While placed under U.S. occupation since the end of WWII, Japan adopted the so-called “light-armed state theory” (relying on the U.S. for foreign relations and defense and pouring all nation’s efforts into economic development) and achieved a rapid economic development following the postwar reconstruction.  In the 1970s and 80s, Japan’s economic growth attained a level comparable to that of the most advanced countries in the world.  It can be said that Japan was successful in realizing an outstanding industrial development, especially in heavy, chemical and IT-related industries, by using its advanced technological potential and investing massive capital, building highway and high speed railway networks throughout the length and breadth of the small insular country.  It was also in that time that the people spoke of “Japan as Number One”.  However, today, twenty years later, what is the reality of our country?   Since the 1990s, named “the Lost Decade”, the entire Japanese society has been paying the cost of the rapid development and accelerated economic growth of the past.

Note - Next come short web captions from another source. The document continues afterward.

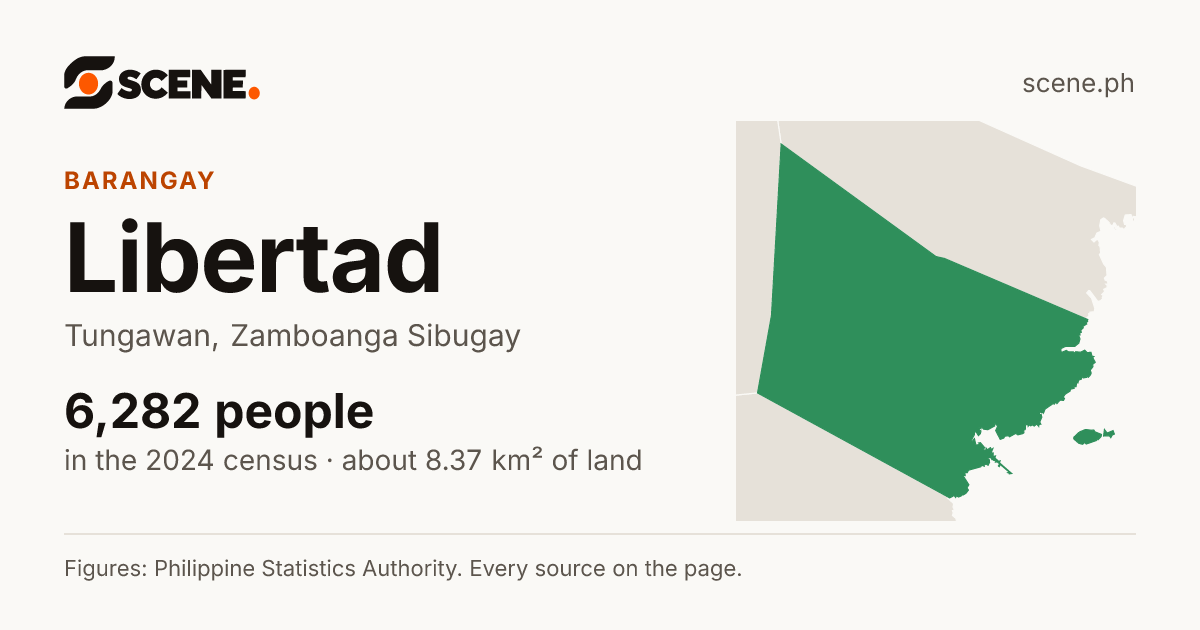 Libertad, Tungawan, barangay: 6,282 people in the 2024 census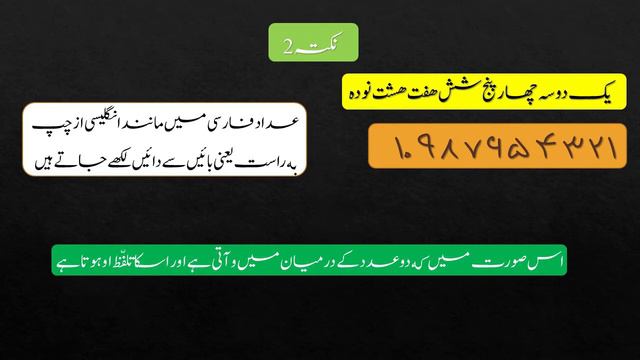 How to make Negative sentences in Persian/Farci Daily Life conversation смотреть онлайн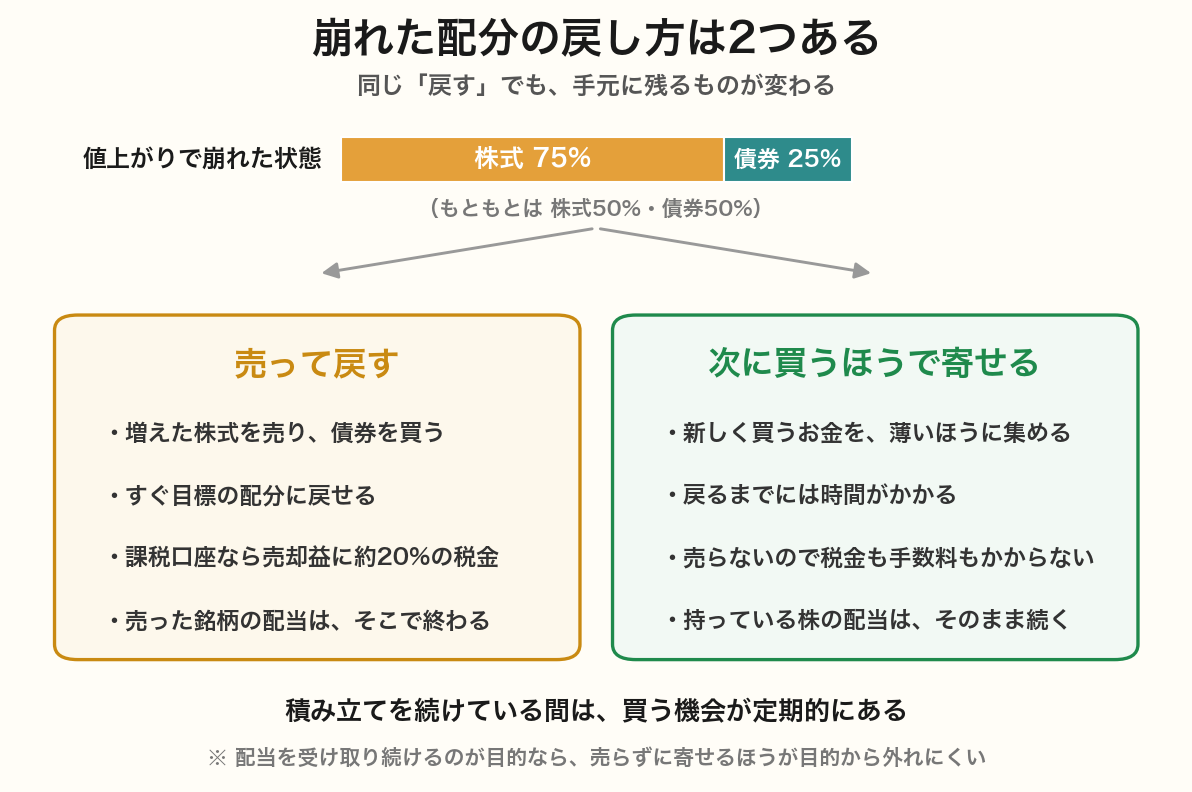 崩れた配分を戻す2つの方法の比較図。売って戻す方法はすぐ戻せるが税金がかかり配当も途切れる、次に買うほうで寄せる方法は時間がかかるが売らずに済むことを示している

First, Japan took a bite in the forbidden fruit by issuing the first deficit-covering government bonds in 1965? As a result of the massive issuance of deficit-covering government bonds that has continued for more than 40 years now, Japan’s debts are said to amount to 800 trillions yen (8 trillions US dollars), or 1300 trillions yen if including the debts of the municipal governments and government-guaranteed bonds.  This accounts for 10 million yen (100,000 US dollars) of debt for every Japanese citizen.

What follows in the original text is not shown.